EXTRACTED DATA =
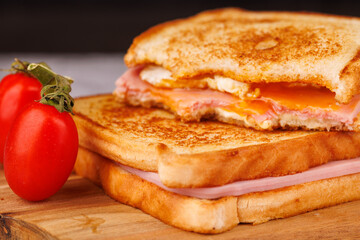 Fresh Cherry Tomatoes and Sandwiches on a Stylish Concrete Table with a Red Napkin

--

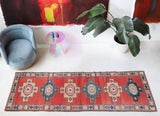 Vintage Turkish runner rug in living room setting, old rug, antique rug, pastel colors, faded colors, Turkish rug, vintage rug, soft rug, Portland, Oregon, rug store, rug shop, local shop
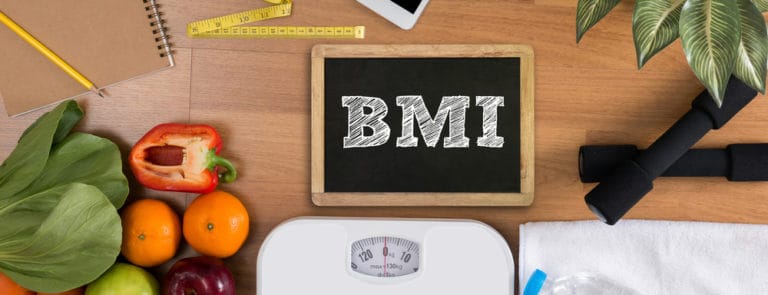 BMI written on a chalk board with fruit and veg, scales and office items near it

...

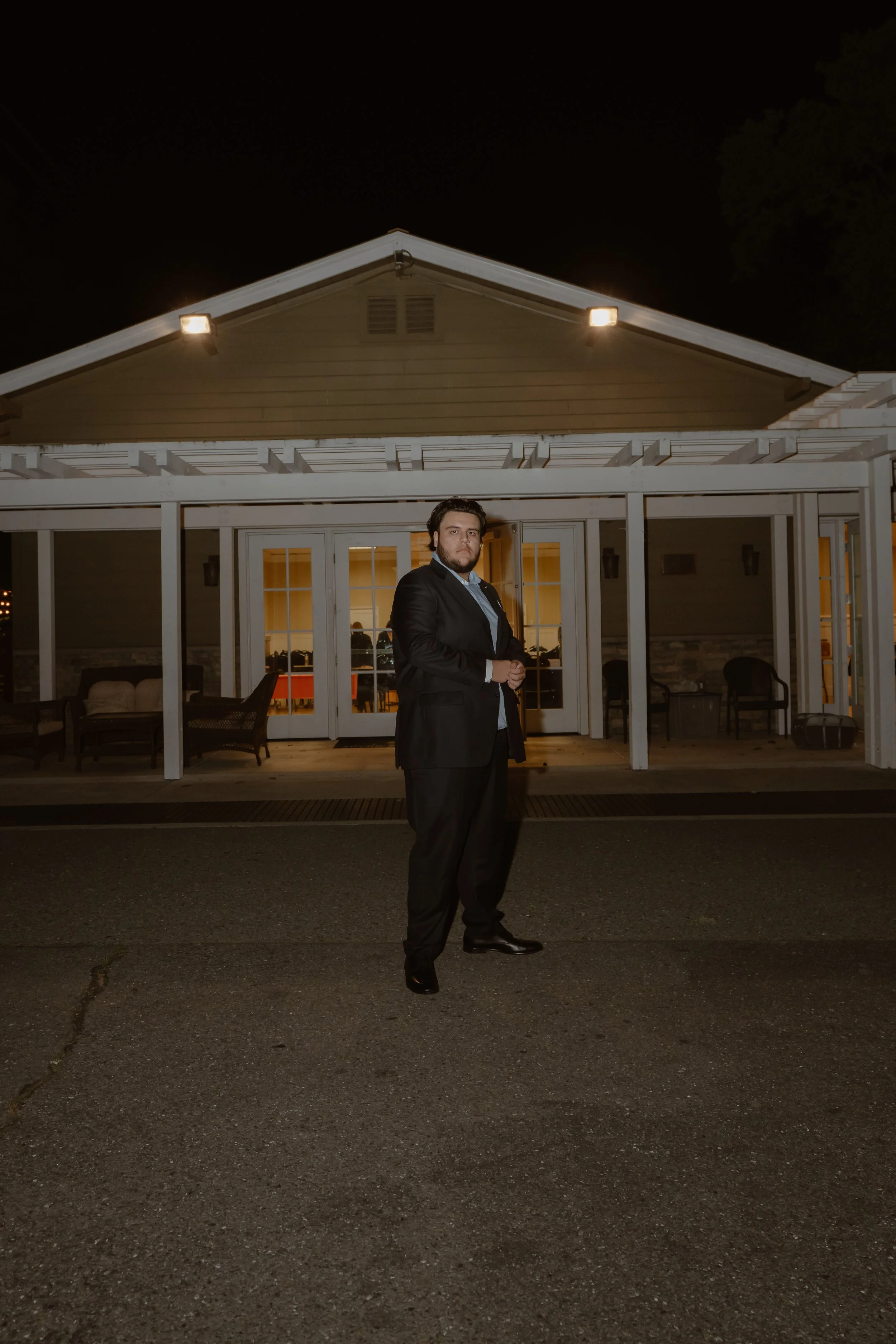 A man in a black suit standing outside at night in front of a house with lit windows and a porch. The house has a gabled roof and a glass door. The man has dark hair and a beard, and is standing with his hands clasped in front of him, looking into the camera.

PROBLEM TO WORK ON = Print, exactly and with no pictures, the lines of the listing above starting at the one that has "Vintage Turkish runner" and ending at the one that has "BMI written on", both included.

YOUR SOLUTION =
 Vintage Turkish runner rug in living room setting, old rug, antique rug, pastel colors, faded colors, Turkish rug, vintage rug, soft rug, Portland, Oregon, rug store, rug shop, local shop
 BMI written on a chalk board with fruit and veg, scales and office items near it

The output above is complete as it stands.